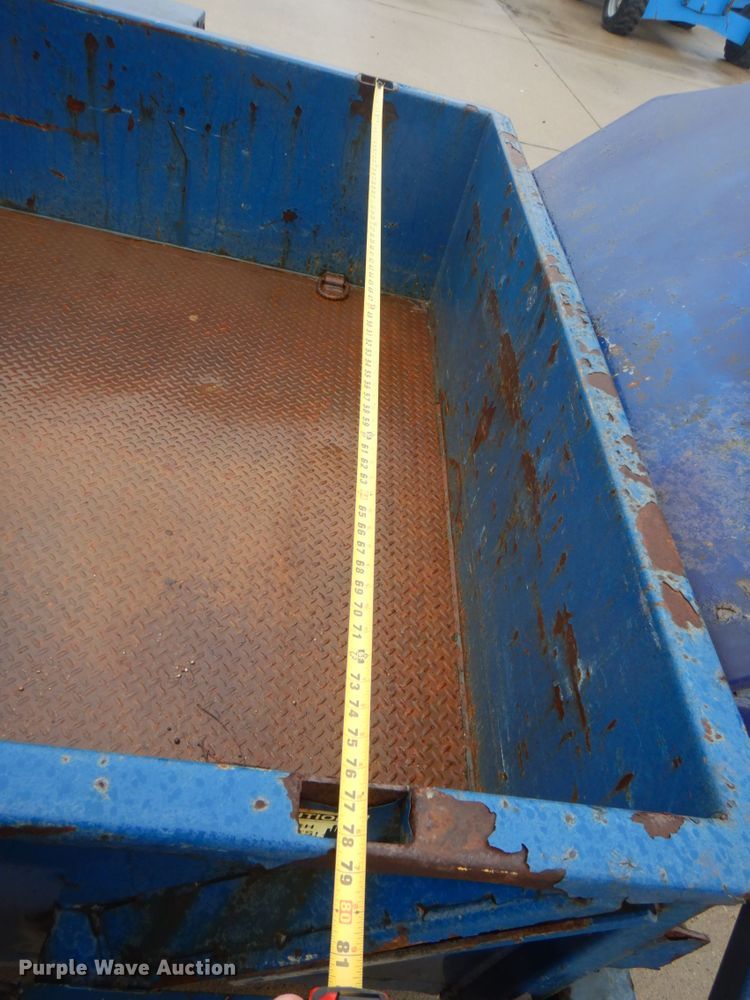 image for item DS8003 2015 B-B trailer  equipment trailer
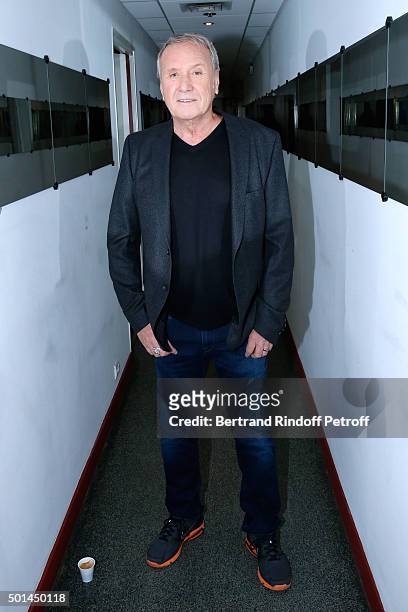 Actor Yves Renier attends the 'Vivement Dimanche' French TV Show at Pavillon Gabriel on December 15, 2015 in Paris, France.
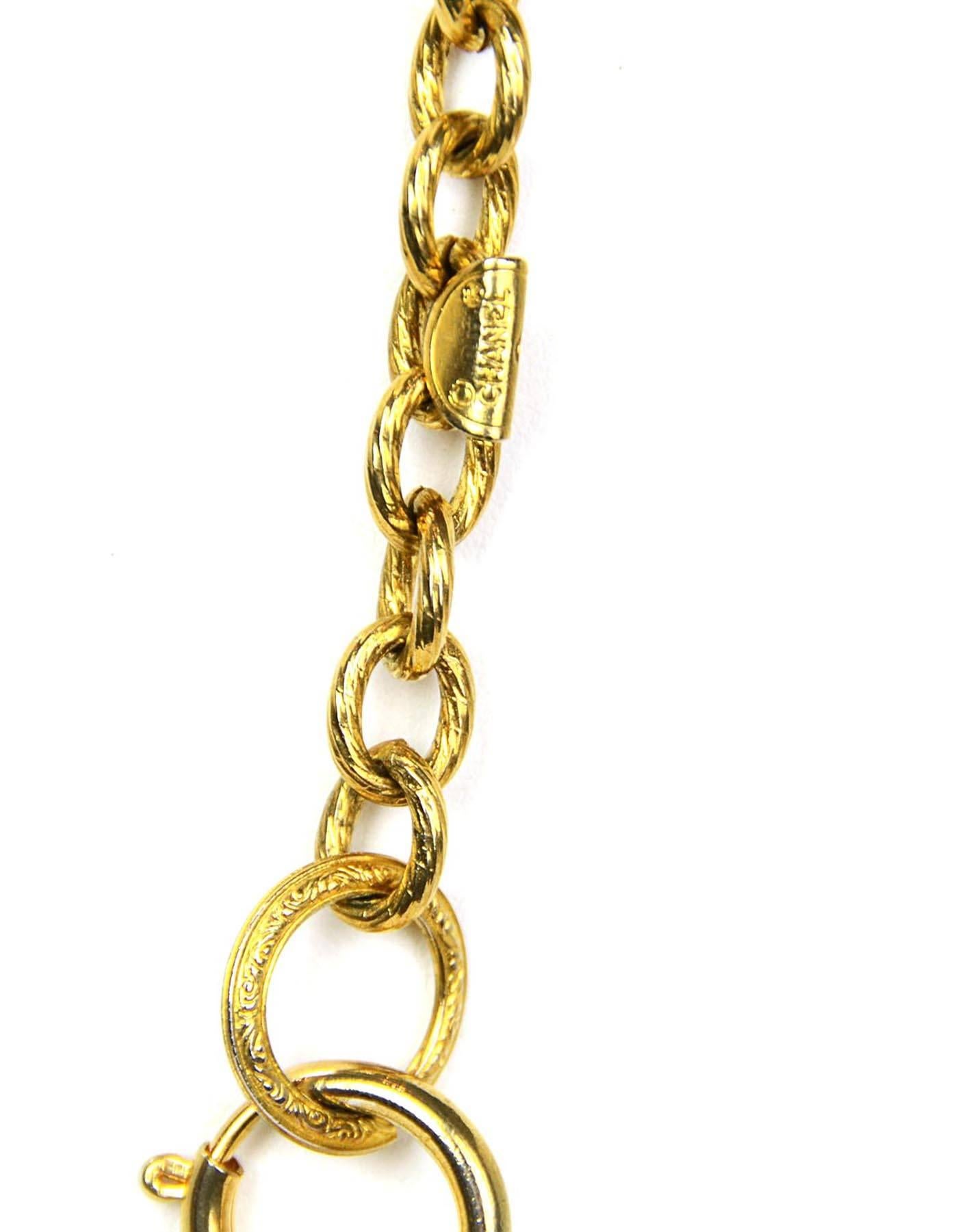 CHANEL Vintage Gold Quilted Pendant Long Strand Necklace In Excellent Condition In New York, NY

EXERCISE REQUIREMENTS: In the data above, find the line with "Actor Yves Renier" and repeat it and every line after it through the end, exactly; leave the pictures out.

WRITTEN SOLUTION:
 Actor Yves Renier attends the 'Vivement Dimanche' French TV Show at Pavillon Gabriel on December 15, 2015 in Paris, France.
 CHANEL Vintage Gold Quilted Pendant Long Strand Necklace In Excellent Condition In New York, NY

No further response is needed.